Durante el día la luz es blanda. Dispersa. Se sostiene en el aire. Flota, tal vez, menos cuando se recarga sobre el brazo de un sillón, sobre la esquina baja de alguna puerta, sobre la orilla de una enredadera; o cuando la sostiene alguna sombra. Pero en la noche es casi concreta. Casi sólida. Como los brazos de una fogata, por ejemplo. O la lumbre de un cigarro. O una estrella.
Cada año, en Vancouver, se organiza un concurso internacional de fuegos artificiales. Este año concursaron China, Canadá y Estados Unidos. Los fuegos se lanzan desde una plataforma en el mar, en English Bay. Muchas personas, quizás cientos, empiezan a llegar desde la tarde para encontrar y apartar un buen lugar. Permanecen ahí varias horas, esperando a que obscurezca lo suficiente, como a eso de las diez o diez y media.
Demasiadas personas, que ocultan su impaciencia, o no. Que empiezan a pasar sobre las cobijas de otras personas, llenándolas de arena, porque ya no hay más arena sobre la cual caminar. Gente que oculta, o no, su impaciencia. Gente que necesita ir al baño, ir a comprar algo de comer, ir a encontrar a algún amigo, desentumirse las piernas. Gente que sacude una y otra vez la cobija, que no recibe ni un excuse me del siguiente extraño, de la siguiente fila de extraños, de la bolsa que le ha golpeado en la cabeza. Gente que oculta o no su impaciencia. Gente que sigue llegando. Gente que necesita pasar. Gente indecisa que se detiene, que mira alrededor, que evalúa las posibilidades, que no encuentra posibilidades, que es empujada, que se decide, que es interceptada por gente que oculta o no su impaciencia pero que se para e impide y defiende. Sobre un fondo de música estridente, que tampoco se detiene. Y ojalá hubiera sólo arena, pero también hay agua que se mezcla y forma incomprensiblemente una masa en los zapatos.
Y el cielo que todavía tiene luz.
Y el cielo que no obscurece.
Pero obscurece, finalmente. Justo a tiempo, tal vez. Se anuncia lo esperado con una voz de radio alla 97.7, alla estación de pop. Es la final, así es que se verá a todos los concursantes. La gente prepara sus cámaras. Mira al cielo. Espera. Y recibe. En sus pupilas. Luz. Que asciende y que cae. Que se eleva con velocidad, en diferentes direcciones, en líneas rectas o curvas, en distintos colores, en dorados, sobre todo, pero también en verdes o rojos o morados. Luz que asciende en formas inverosímiles, en espirales, en zig zag, imitando lenguas de fuego o ciertas dagas. Luz que desaparece por segundos, y después grita, y revienta, de puro júbilo, de puro gozo, de puro placer de ser luz. Y después centellea, acariciando el aire mientras desciende, dejando el aire vibrando con su felicidad.

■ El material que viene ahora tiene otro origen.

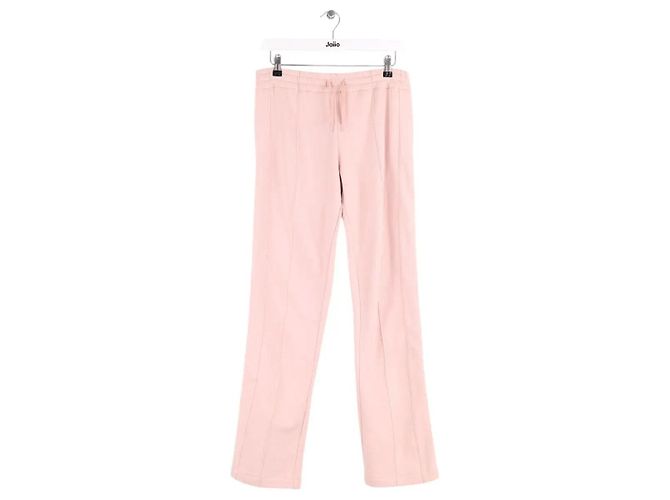 Alexandre Vauthier Pantaloni dritti rosa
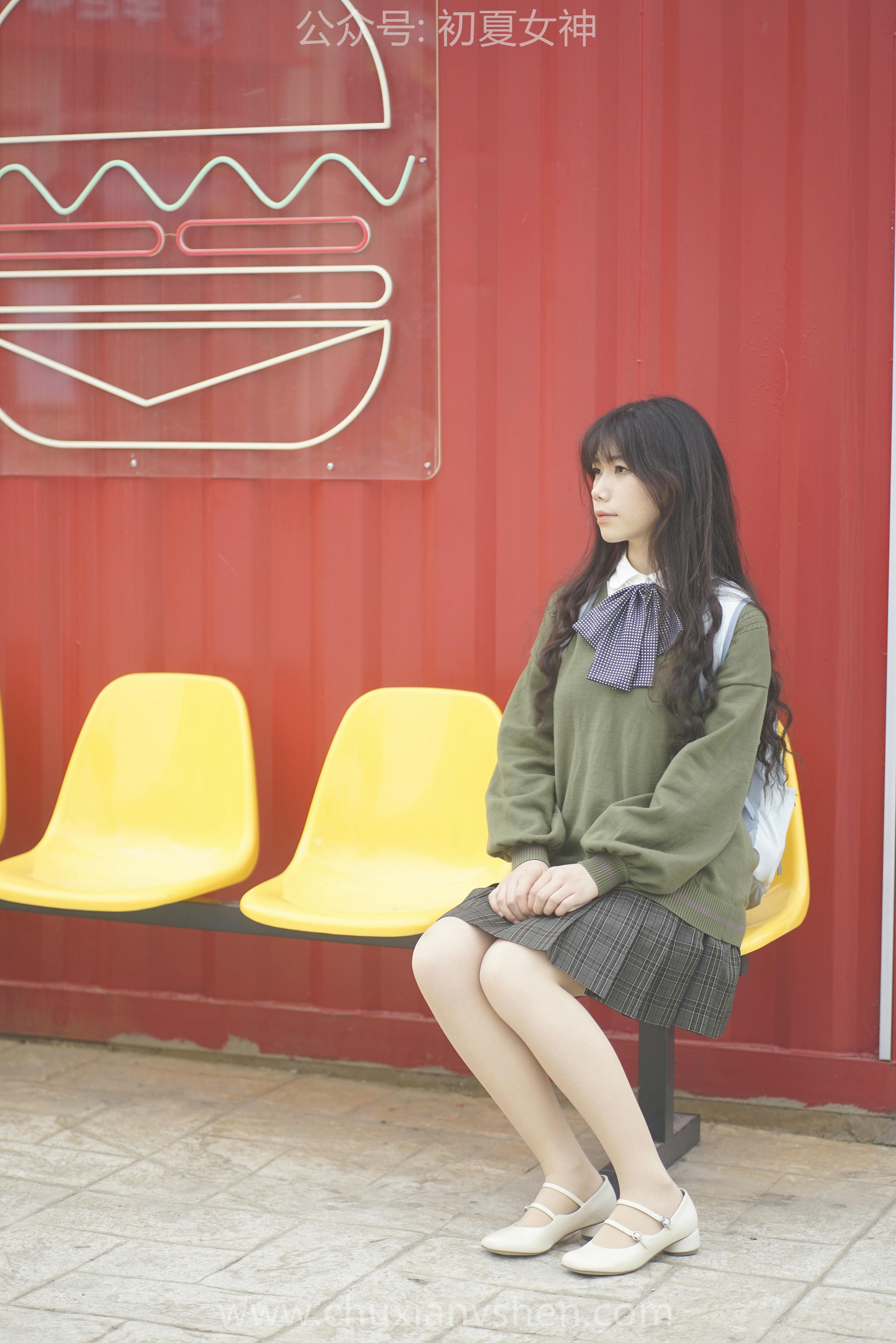 初夏女神 NO.064 欢欢 新晋学妹-学妹的一天[164P+1V／8.72GB]_第2集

Sobre la arena no reina el silencio, pero sí algo parecido. Una antigua fascinación por el fuego. Primigenia, tal vez, primordial. Compartida. Que instaura la posibilidad, tal vez incluso la existencia, de un lazo, fraternal. Que se extiende por todos lados, como redes, entre tanta proximidad.
Todavía no se apaga el último de los fuegos, apenas empieza a anunciarse al ganador, la gente no ha terminado de mostrar su acuerdo, de volver a aplaudir, y ya hay gente de pie, gente que bloquea la mirada de los últimos destellos, que sacude sus pantalones, que pone bolsas sobre sus hombros, zapatos en sus pies, que mira en dirección opuesta, hacia la escaleras que suben a la avenida, que quiere caminar, irse, como si huyera de algo, como si se hiciera tarde para algo. Gente que parece haber olvidado qué hacía ahí, qué hizo ahí, qué sucedió ahí, y quisera estar ya en otro lugar, aunque mañana no haya que ir a la oficina ni llevar a los niños a la escuela.
Es mejor levantarse también, y rápido: la cercanía entre los cuerpos se agudiza. La impaciencia ya no se oculta. Los pasos son diminutos, pero incesantes. El equilibrio se mantiene con dificultad. Se llega a las escaleras y casi se comprende por qué hay gente que pierde la vida debajo de los pies de otra gente que no hace sino caminar, tratar de caminar más rápido, de correr.
Ya en la calle, los ríos de gente, que se obstinan en su faena. Sería mejor detenerse. Esperar. Hacer la sobremesa. Reposar tanto misterio - que, además, permanece.
Humildemente, a los compositores sordos.